Here’s what happens when you become too settled in your ways:
- You dull your senses. This dampens attention to your surroundings and the wealth of possibilities before you.
- Creativity withers and turns brown around the edges, leaving you with a poverty of inspiration.
- Life becomes so repetitive—so static and sterile and tedious—that the fire inside starts flickering.
It’s easy for too much equilibrium to sneak into your day-to-day living. Dr. Wendy Wood, a research psychologist at the University of Southern California, found that approximately 43% of a person’s daily behaviors are performed out of habit. Does that surprise you? We spend almost half of our day doing things without really thinking about them!

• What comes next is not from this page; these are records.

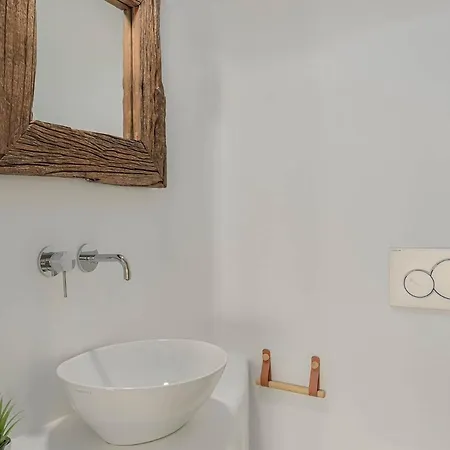 Myconian Caulk * 卡拉法蒂斯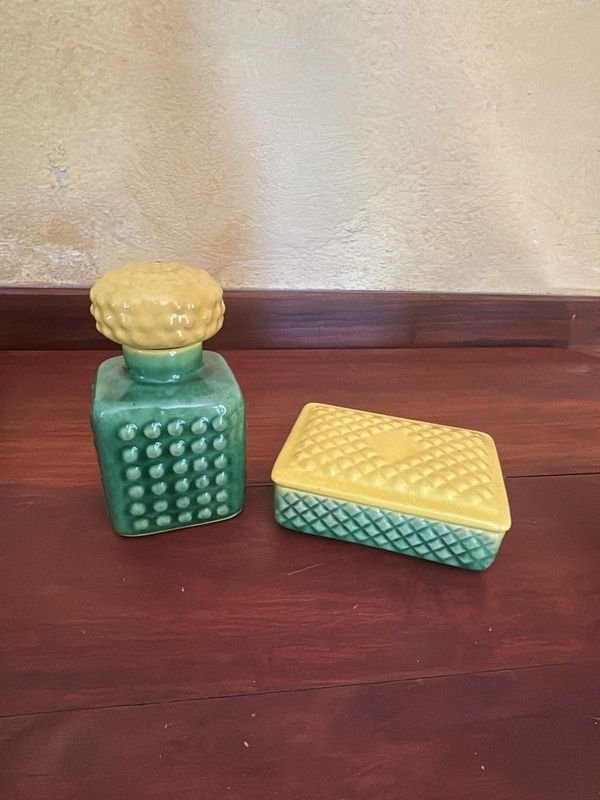 Lote siguiente: ALHAJERO Y JARRON CERAMICO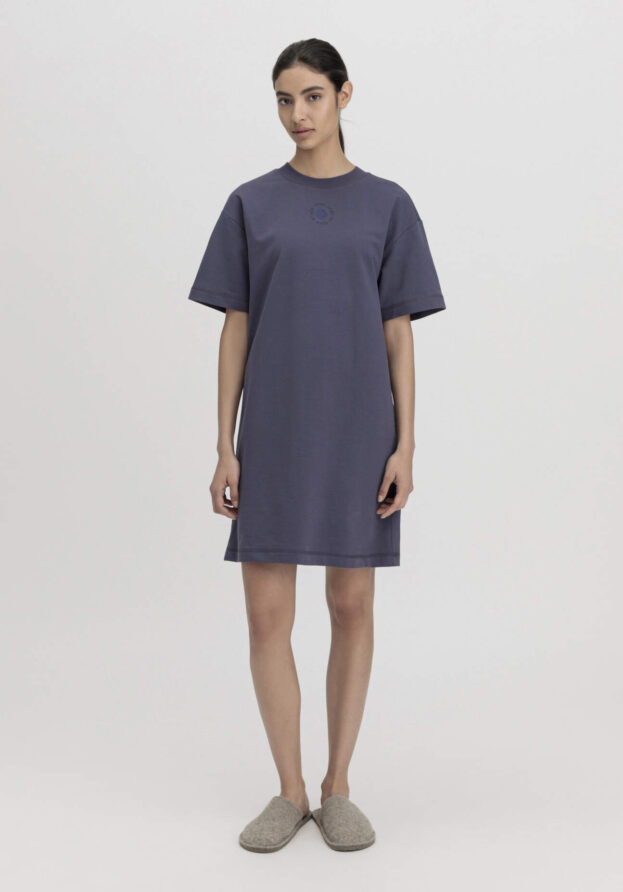 hessnatur Damen Loungedress Relaxed aus Bio-Baumwolle mit Kapok - lila - Größe 36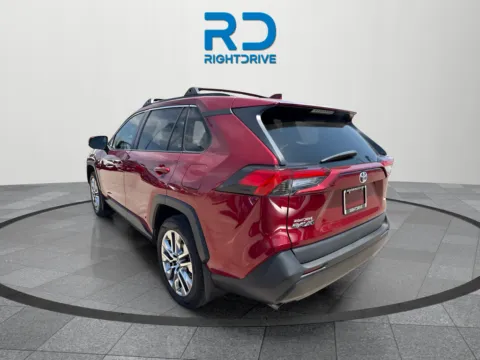 More photos of 2020 Toyota RAV4 XLE Premium at RightDrive - 7320 Alameda, TX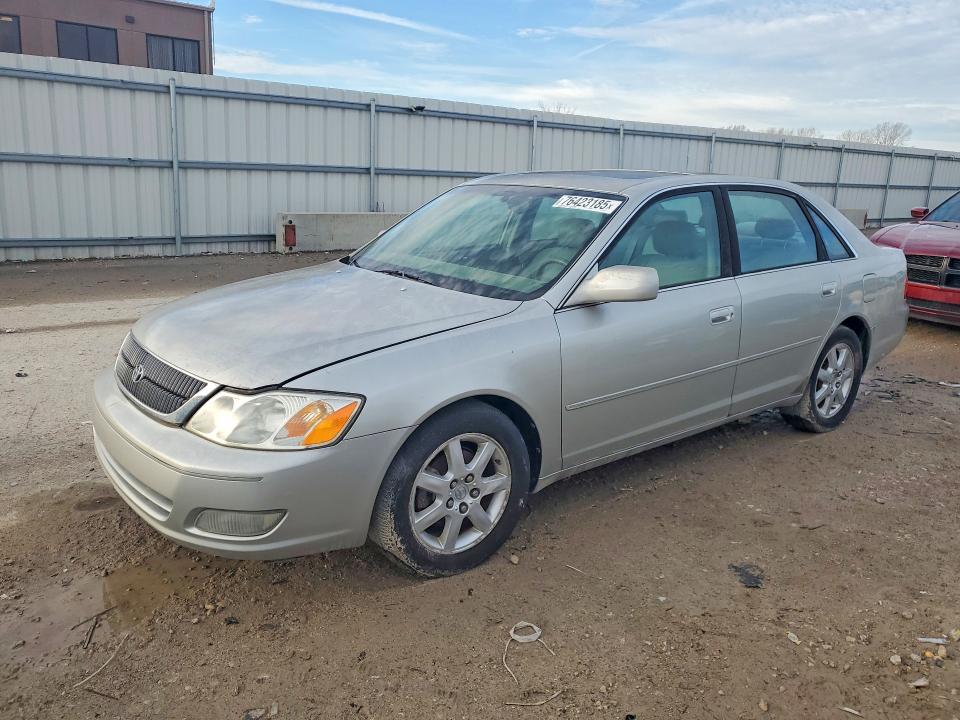 TOYOTA AVALON 2002 with VIN 4T1BF28BX2U215417 - Photo from auction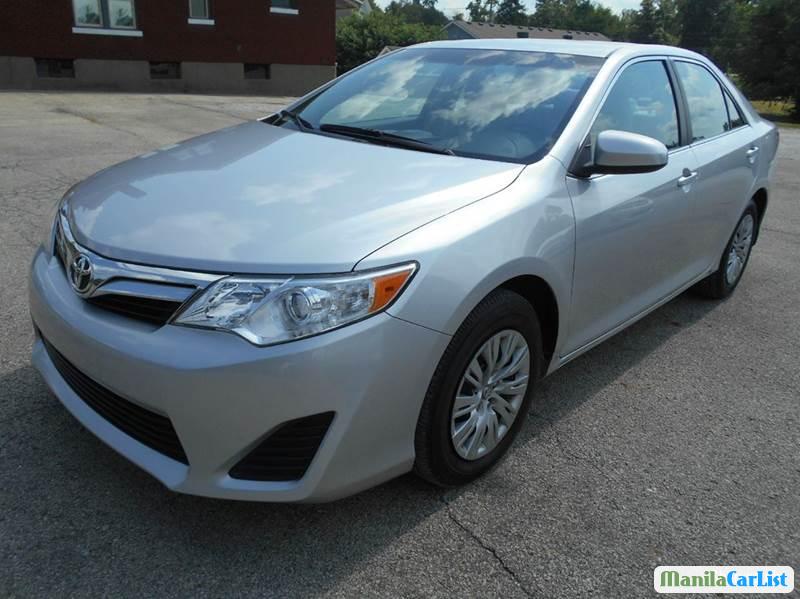 Toyota Camry Automatic 2012 - image 5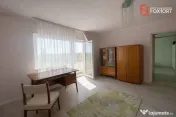Apartament 3 camere, Micalaca, etaj 2 cu vedere spre malul M 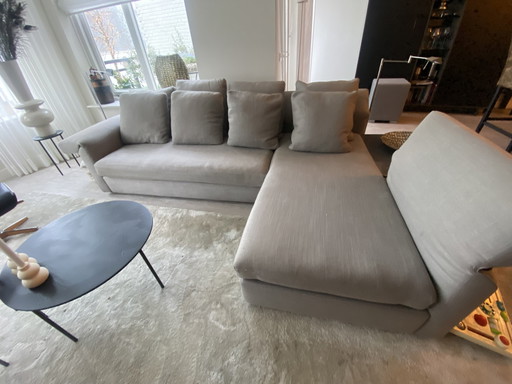 Minotti Collar Sofa, Minotti Kirk Jut Out Side-Table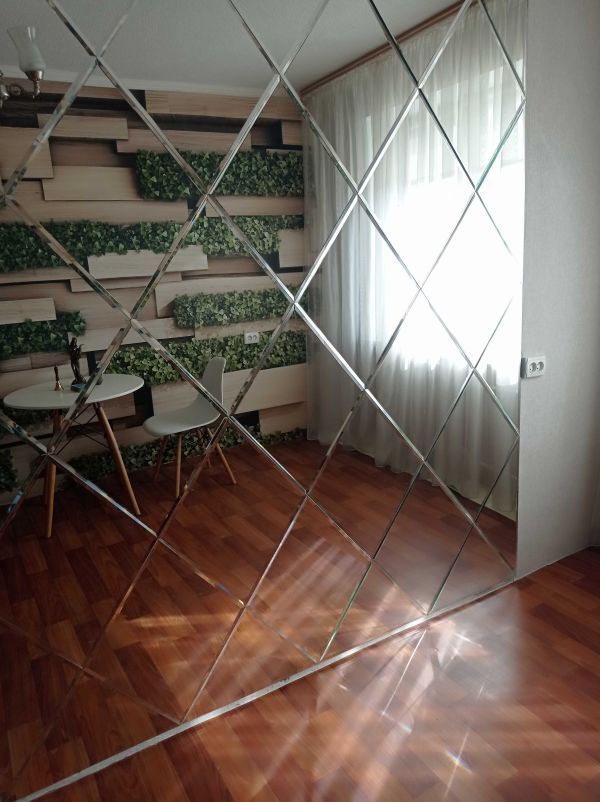 Продажа 4-комнатной квартиры 70 м², Героев просп., 12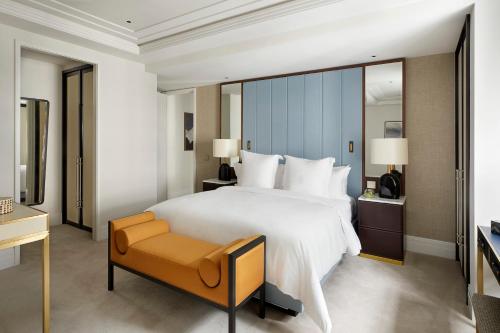 Four Seasons Hotel London at Tower Bridge Image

Some of this, of course, is good. Let’s say, for example, that as part of your morning routine you make up the bed, brush your teeth, shower, do 50 pushups and situps, then meditate for half an hour, all before going about your day’s business. Such habits should serve you well.
But too much predictability and sameness in your everyday existence will punish your spirit. It also can stifle your becoming more fully born as a person.
Bob Dylan sang, “He not busy being born is busy dying.” The fact is, you need change. You need different. You need uncertainty and newness in your life. Having to deal with an ongoing flow of these challenges will exercise your very being and give birth to richer tomorrows. Frankly, you should appreciate these disturbances of your status quo.
Life needs friction! You benefit when the unexpected intrudes on your established routines. It shakes up your fixed ways of thinking and feeling and doing things. It makes you stretch. It muscles up your awareness and adaptability.
The renown artist Georgia O’Keefe wrote of how it feels when one sinks into a period of excessive usualness: “I never felt such a vacancy in my life—Everything is so mediocre—I don’t dislike it—I don’t like it—It is existing—not living—and absolutely—I just wish someone would take hold of me and shake me out of my wits.”
That’s what I’m trying to do here. I want to rattle your cage. So let me ask you two questions:
- How long has it been since you did something for the first time?
- What will you do, today, to escape the ordinariness you’re accustomed to?
You have the potential to become “you squared.” But to make that quantum leap, you cannot live your days by rote. You must allow a fair amount of unusualness into your life. No, actually you need to invite it into your world…embrace it…give it a chance to invigorate you.
That, my friend, would be a worthy habit.
Rage on!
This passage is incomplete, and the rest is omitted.